Rucker: As much as I appreciate Jaime Jaquez Jr. as a potential steal in the upcoming NBA draft, I’m the most fascinated to evaluate Stanford sophomore Harrison Ingram. The 6’8” forward has the tools to intrigue teams with his two-way potential at the next level. Stanford often ran sets with Ingram as the primary ball handler and playmaker last year. If the rest of his game can come together, he should start to have the attention of NBA scouts once again.
5. Whether it’s Anthony Edwards dropping 37 points against Michigan State or Austin Rivers ripping the heart out of UNC fans or De’Aaron Fox vs. Lonzo Ball, fans are provided with mesmerizing matchups and performances every season. Which matchup, whether team vs. team, player vs. player, or player vs. team, are you most looking forward to?
Metcalf: UCLA vs Arizona.
Nick: UCLA vs. Oregon. It will be fascinating to see how Kel’el Ware fares defensively against an aggressive, physical guard like Amari Bailey and a do-it-all two-way forward like Jaime Jaquez Jr. in this one.
Albert: Give me UCLA vs USC. That USC team is going to be better and more interesting that people realize. It’s unfortunate they won’t have Iwuchukwu to start the season but if he comes back, he’s going to be a ton of fun to watch. He really stood out in the Nike Hoops Summit last season. Also Tre White is a guy people should be watching. That guy has good size and can really score.
Stephen: It’s gotta be Arizona and UCLA. There is just too much professional-level talent to deny this being the game to circle. Kriisa, Larsson, Tubelis, and Ballo going up against Bailey, Bona, and Jaquez Jr. will put a ton of butts in seats (shoutout Tony Schiavone).
Maxwell: Kel’el Ware vs. Adem Bona. Ware is more skilled and polished, but Bona’s motor runs higher and he’s a better raw athlete. Still, Ware really turned it on in all-star games, and it seems like he loves the spotlight. They’ll both be looking to prove their case over the other.
Paige: UCLA vs. Oregon. I’m very excited to see Bailey, Campbell, and Jaquez Jr. go up against Kel’el Ware and Will Richardson.
Evan: Oregon vs. USC on February 9. I’m excited to see Kel’el Ware and Vincent Iwuchukwu go at it again, after watching their first meeting in this year’s Nike Hoop Summit game.
Nathan: Arizona against UCLA. There’s a real matchup across the board by position between the two teams. Amari Bailey against Kerr Kriisa in the backcourt, Pelle Larsson vs. Jaime Jaquez on the wing, and Azuolas Tubelis is a breakout candidate against the lauded freshman prospect Adem Bona. Both rosters go deeper than those guys, but the level of competition in this game should be high as tempers flare between two talented coaching staffs. I can’t wait to watch these two squads battle it out.

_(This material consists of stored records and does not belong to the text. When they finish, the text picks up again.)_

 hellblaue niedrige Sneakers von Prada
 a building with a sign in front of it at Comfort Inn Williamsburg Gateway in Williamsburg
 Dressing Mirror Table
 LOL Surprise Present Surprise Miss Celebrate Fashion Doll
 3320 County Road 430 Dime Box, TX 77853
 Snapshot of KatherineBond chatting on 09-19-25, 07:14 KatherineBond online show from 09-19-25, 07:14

Corey: UCLA vs Arizona is filled with a ton of intriguing NBA prospects. No brainer viewing from a scouting perspective.
Rucker: UCLA vs Arizona. Tyler Rucker will be in attendance. I also might rush the court. On a serious note, those two teams always seem to have a bloodbath of epic proportions. Plenty of talent on both rosters, should be another great showdown.